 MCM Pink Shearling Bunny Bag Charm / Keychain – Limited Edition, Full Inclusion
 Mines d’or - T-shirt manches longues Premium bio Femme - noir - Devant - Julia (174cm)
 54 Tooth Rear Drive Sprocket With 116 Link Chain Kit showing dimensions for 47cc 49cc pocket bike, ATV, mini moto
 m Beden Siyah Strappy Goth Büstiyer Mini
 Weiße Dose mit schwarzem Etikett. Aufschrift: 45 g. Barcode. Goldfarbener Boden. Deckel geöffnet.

* * *

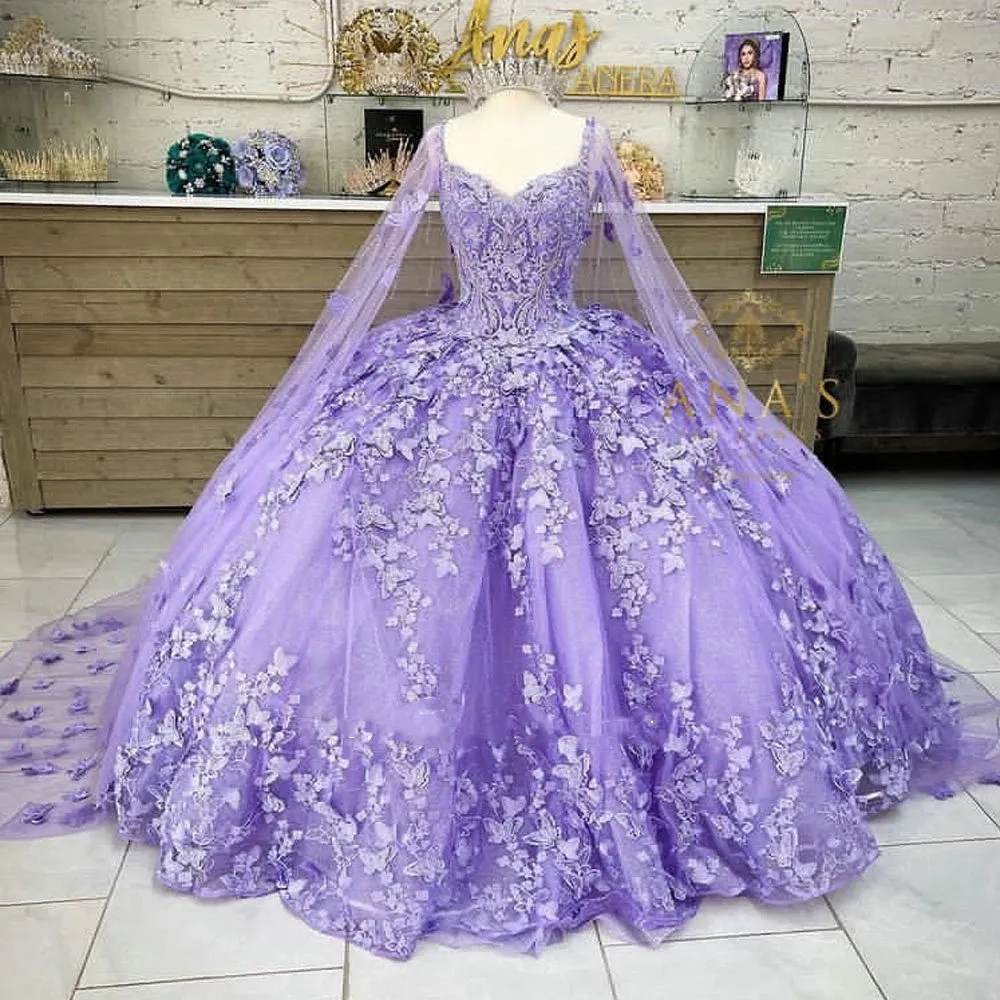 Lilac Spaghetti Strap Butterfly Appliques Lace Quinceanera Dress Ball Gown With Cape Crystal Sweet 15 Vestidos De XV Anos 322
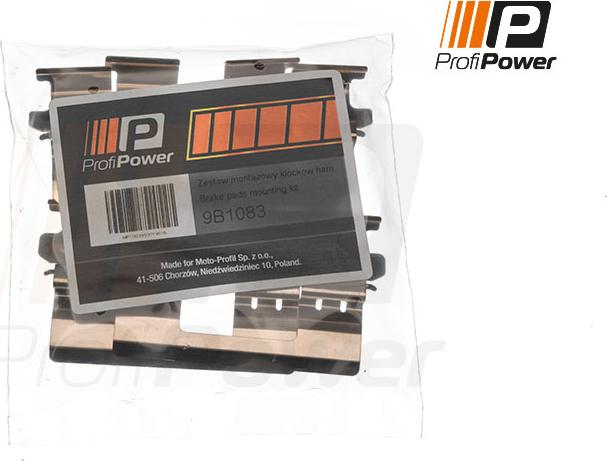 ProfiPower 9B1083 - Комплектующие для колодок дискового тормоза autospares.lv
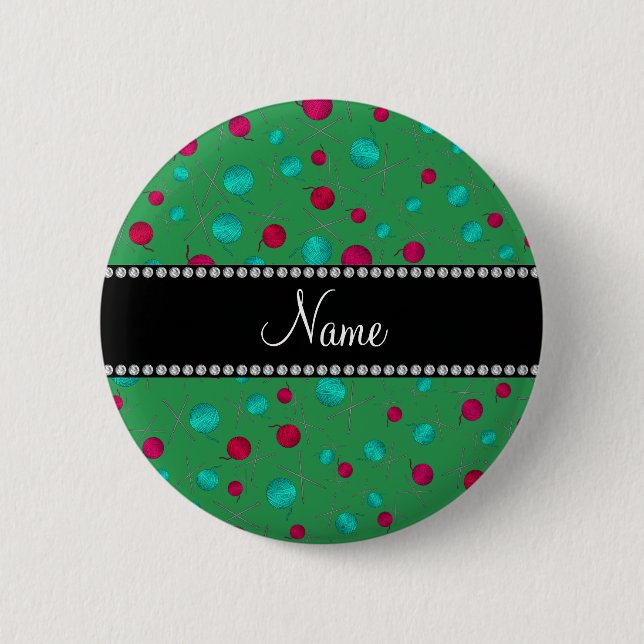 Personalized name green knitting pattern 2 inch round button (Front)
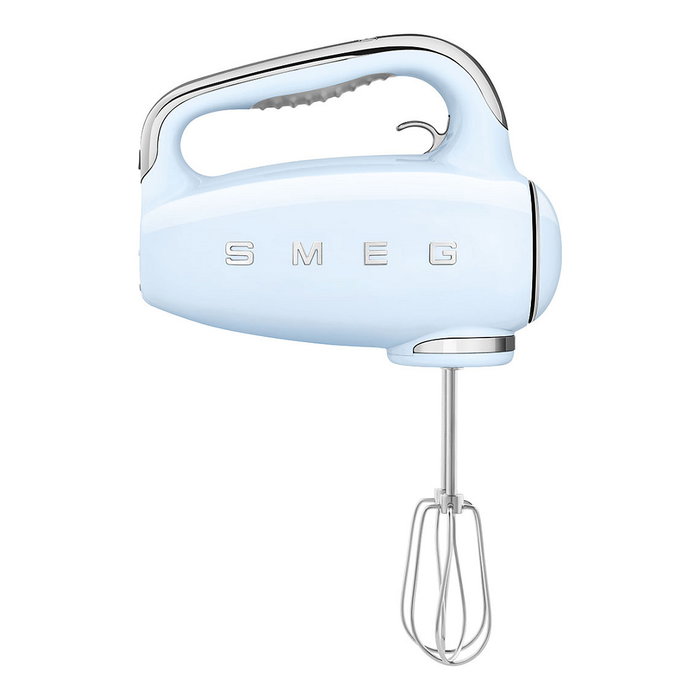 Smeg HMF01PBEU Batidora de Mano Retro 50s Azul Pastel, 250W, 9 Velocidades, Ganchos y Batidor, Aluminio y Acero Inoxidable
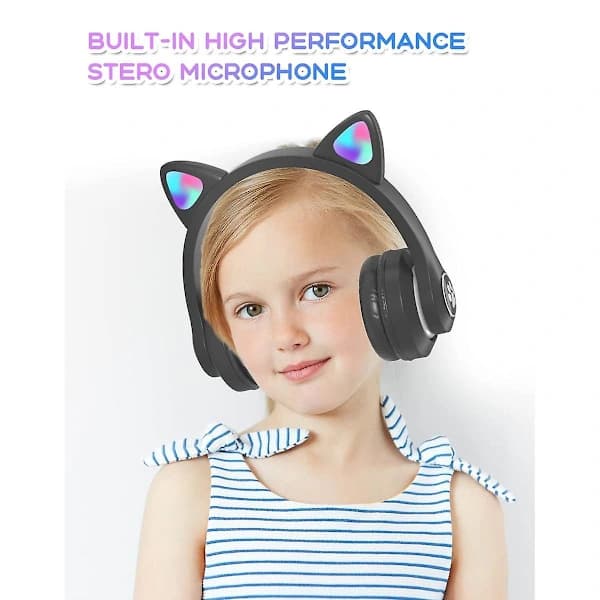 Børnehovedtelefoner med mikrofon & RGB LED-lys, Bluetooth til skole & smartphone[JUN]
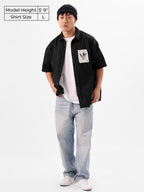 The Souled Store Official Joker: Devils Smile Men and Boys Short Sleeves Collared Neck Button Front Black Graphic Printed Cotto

* * *

Output the lines of the records above exactly as they appear, from the line containing "Mines d’or - T-shirt" through the line containing "Weiße Dose mit".

 Mines d’or - T-shirt manches longues Premium bio Femme - noir - Devant - Julia (174cm)
 54 Tooth Rear Drive Sprocket With 116 Link Chain Kit showing dimensions for 47cc 49cc pocket bike, ATV, mini moto
 m Beden Siyah Strappy Goth Büstiyer Mini
 Weiße Dose mit schwarzem Etikett. Aufschrift: 45 g. Barcode. Goldfarbener Boden. Deckel geöffnet.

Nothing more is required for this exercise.